If you have been following this blog, or know me in my life outside of blogging, you know I adore my granddaddy. I call him granddaddy, but the world called him Kirk because his first name was too hard to pronounce. I call him Kirk, sometimes, too. Kirk & my dad are what the Atlanta Braves manager calls “baseball rats.” My dad dreamed of being a major league baseball player. He got pretty close. He tried out for the Pittsburgh Pirates. Before one of his callback tryouts, he was hit by another driver; and his throwing arm was crushed requiring dream ending surgery. However, the love of the game never went away for father or son, and got passed onto me.
Kirk was diagnosed with Parkinson’s disease before I was born. Never knowing him, in this life, without the challenges Parkinson’s brought, was a huge asset, blessing, and example, for me; that having a diagnosis didn’t equal stopping, giving up, or life-ending. It simply meant adjustment, and overcoming challenges. Such a mindset, is of course, a choice. It was a choice he made every day, many days, more than once. It’s the choice I made, and continue to make every day.

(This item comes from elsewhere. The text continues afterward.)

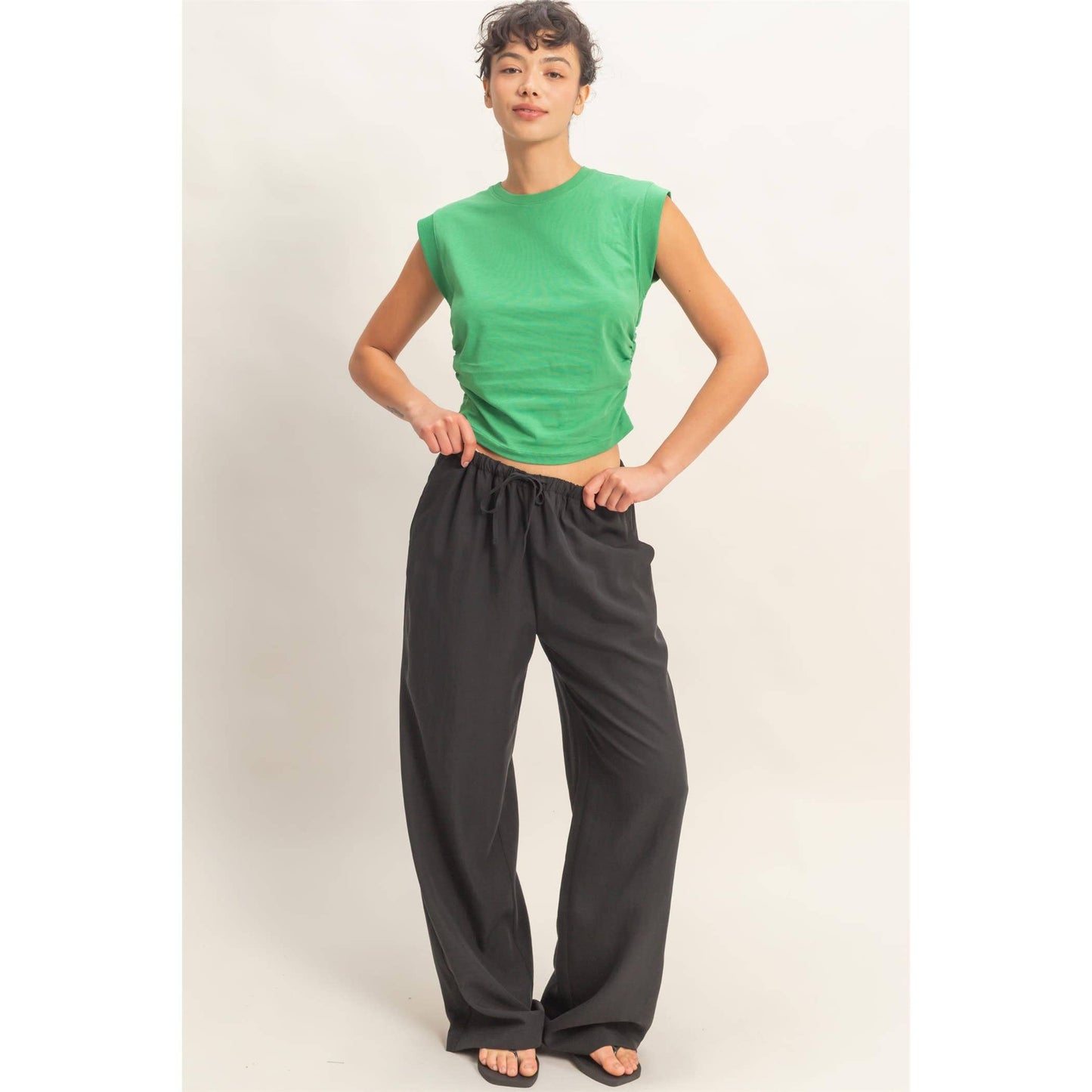 Ruched Waist Sleeveless Cotton Top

I make it for myself, for him, and for everybody who loves me.
I was a super shy child. I talked to those I knew and loved a lot, but strangers? It was a struggle. I was bullied horribly, as a child, at school. Anytime, I saw Kirk, which was frequently; because we lived close to him and Grandma Kate, he knew by both the look on my face, and my silence when I had a bad day/ week at school. He would hug me, and then go sit down in his recliner, turning on the TV. Kirk was a man of few words preferring to lead by example. When he did talk people tended to listen. I sure did. After turning on the TV, he would leave his hand palm up. That was an invitation to come sit with him. I always would unless grandma needed something. From March-October, the TV was on a baseball game, mostly, Braves games, but not always. I would pull up beside him taking his hand. My touch on his hand or arm, with the tremors, seemed to help. It was just my touch. I have a couple of theories as to why, which I’ll share in a later post.

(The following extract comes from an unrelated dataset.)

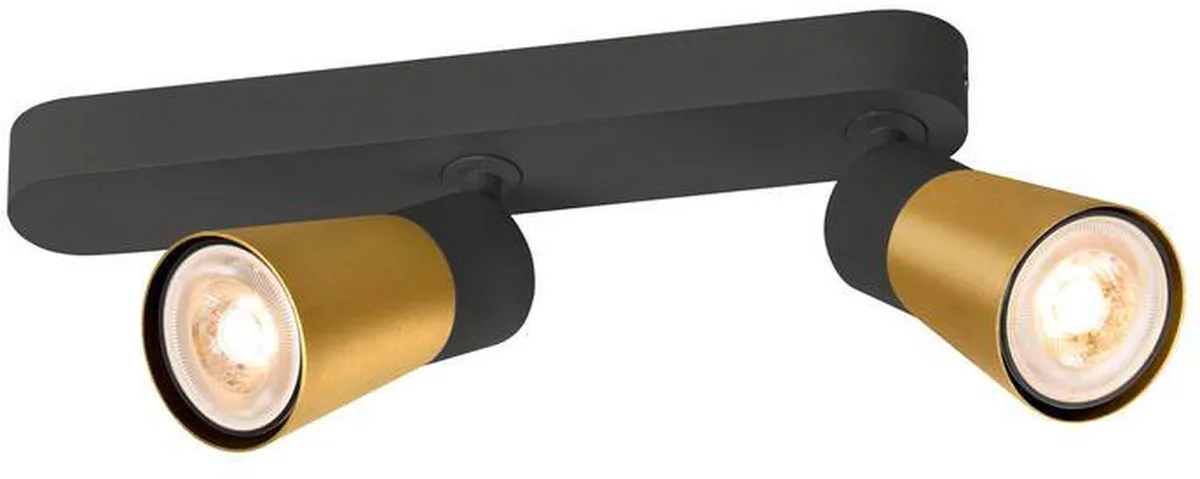 PURI 2.0 Cone, Wand- und Deckenaufbauleuchte, asymmetrisch, 2 x max. 6W GU10, schwarz / gold - Wand- und Deckenleuchten von SLV – Produktfoto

Watching baseball, he’d let me process and give me silent comfort. After a while he’d say, “Want to talk about it?” Not really was pretty much always my answer. He’d grin and teach me the finer points of the game he loved. After a while, I’d always start talking. It would tumble out and I couldn’t stop it once it did. He’d listen and let me sob. He would squeeze my hand, or put his arm around my shoulder. After I was done, the advice that would make me feel better, give me a perspective reset, or teach me how to fight through the tough days was given. I learned more about how to thrive, in life, with a condition, watching baseball than most anywhere else. Now that he is one of my angels, watching baseball is where I feel closest to him. It is also where I connect with my dad best, too. Baseball is much more than a game, to me, and in my immediate family because Kirk made it that way.